Immediately after the shootings, opposition business and military leaders seized and imprisoned the president and replaced him with Pedro Carmona, the head of the country's leading business association.
Carmona dismissed Congress and the Supreme Court, abolished the constitution that was rewritten under Chávez and approved by voters in a 1999 referendum, and revoked the president’s economic decrees.
'The investigations show that shots were fired from both sides that day by Chávez supporters and the opposition,' journalist Sandra La Fuente, who along with Alfredo Meza wrote a book on the coup, 'El acertijo de abril' (The April Riddle), told IPS.
Two days later, in the midst of massive street protests by Chávez supporters, military officers loyal to the president returned him to office, and the leaders of the coup were arrested.
Carmona was granted asylum in the Colombian Embassy. The four top military officers involved in the coup were acquitted by the Supreme Court. When the attorney general’s office reopened the case against them years later, they had already fled abroad.

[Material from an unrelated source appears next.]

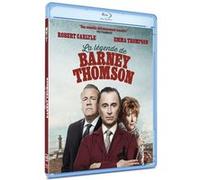 La légende de Barney Thomson Blu-ray E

Several Chávez supporters who were filmed opening fire in the direction of opposition demonstrators on Apr. 11, 2002 were arrested, tried and acquitted, after a court found that they were shooting in self-defence against metropolitan police and other snipers.
Earlier this week, General Raúl Baduel, a former Chávez ally who broke with the president in 2007 over his opposition to Chávez’s attempt to amend the constitution so that he could run for president indefinitely, was arrested and charged with corruption during his years as defence minister (2006-2007).

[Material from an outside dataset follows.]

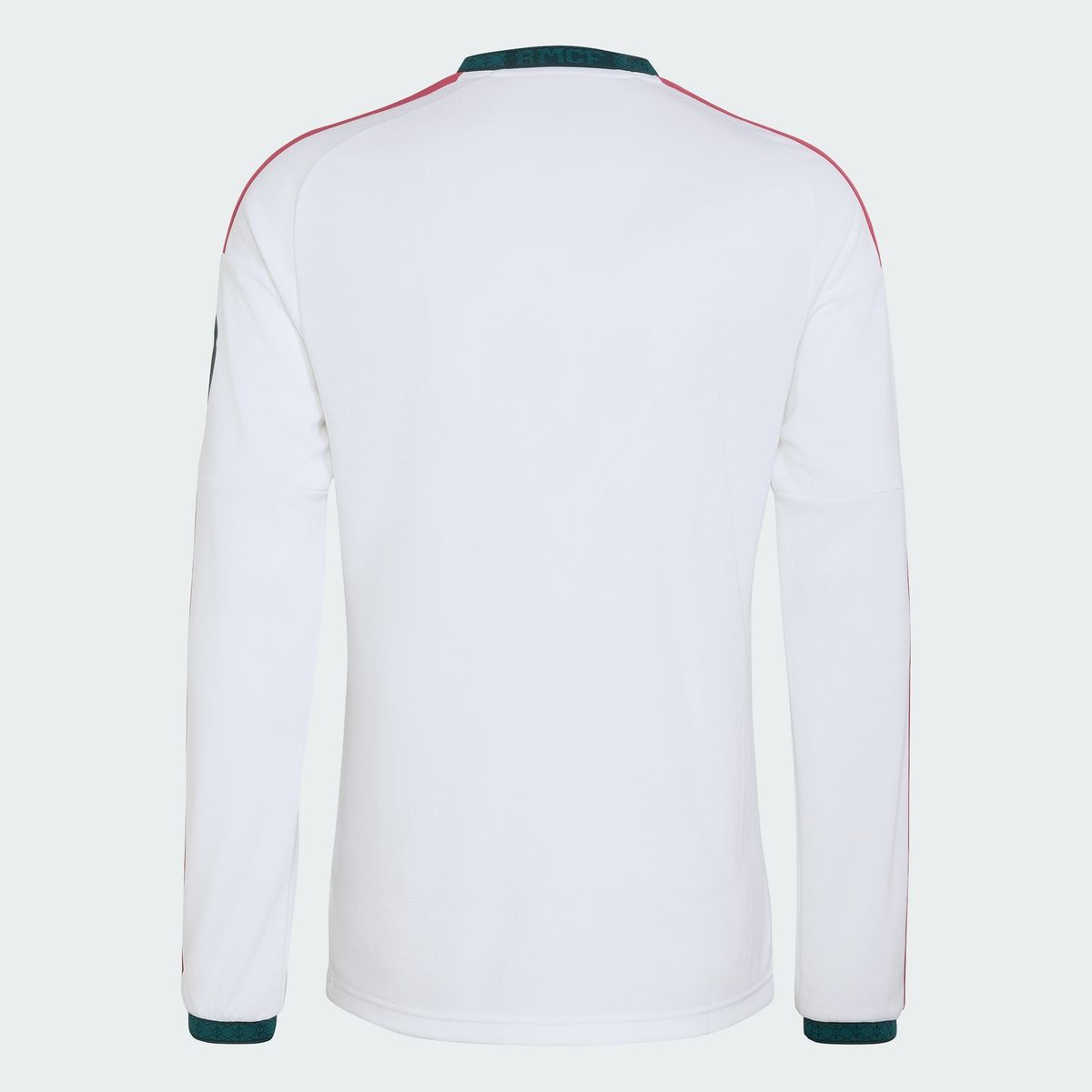 아디다스(ADIDAS) 레알 마드리드 26/27 롱 슬리브 홈 저지 KC3952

And another high-profile opponent of Chávez, Manuel Rosales, mayor of Maracaibo, Venezuela’s second-biggest city, went into hiding this week to avoid arrest. Rosales, a former governor of the northwestern state of Zulia who was defeated by Chávez in the 2006 presidential elections, is facing charges of illicit enrichment.

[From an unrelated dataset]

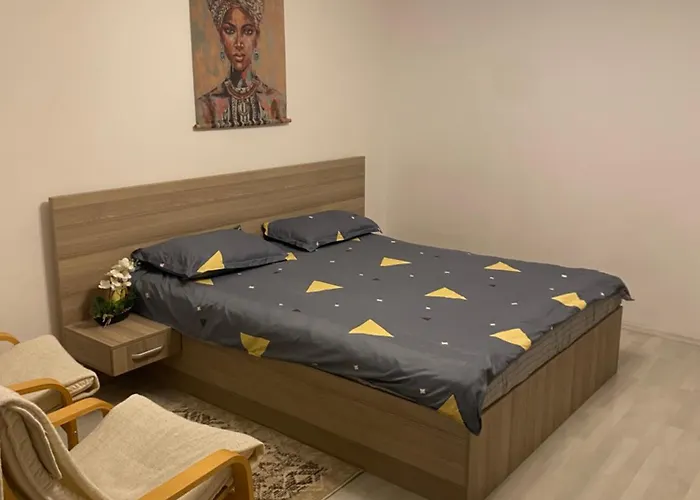 Apartment Garsoniera 430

Opposition leaders complain about what they call an 'escalation of the judicialisation of politics.'
But the government welcomed Judge Calderón’s decision. 'Justice, which is beginning to appear in the Apr. 11 case, is welcome. It is good that it is arriving, even though it is tardy,' said presidential spokesman Jesse Chacón.
The spokesman said he was sorry for 'what the families of the police officers may be feeling at this time, but we must also think about what the families of those who died that day outside Miraflores palace were feeling.'
The families on both sides had strong words. 'I am very sorry for what the mothers of the police officers are going through, but no one can violate human rights like the metropolitan police did that day, when they bloodied the constitution,' said Yesenia Fuentes, president of a Victims Committee.
Because both 'chavistas' and opposition demonstrators were killed and wounded on Apr. 11, 2002, victims committees were set up on both sides of the deep political divide that has polarised Venezuela for the past decade. And both sides demanded an investigation, which the parliament conducted without reaching any definitive conclusions.
'I don’t understand the celebrating by that committee of victims’ families,' said Dayana Vivas, the daughter of former police chief Henry Vivas. 'The men who were convicted today didn’t kill anyone, and the real culprits are still free. What my father did on Apr. 11 was to save lives by preventing two political currents from clashing. I am sad to be a Venezuelan.'
La Fuente, who spent a year and a half investigating the Apr. 11 incidents, found that it took three weeks for the judicial police to show up at the site of the violence to study what evidence was left there, and that numerous pieces of proof had been spoiled or eliminated.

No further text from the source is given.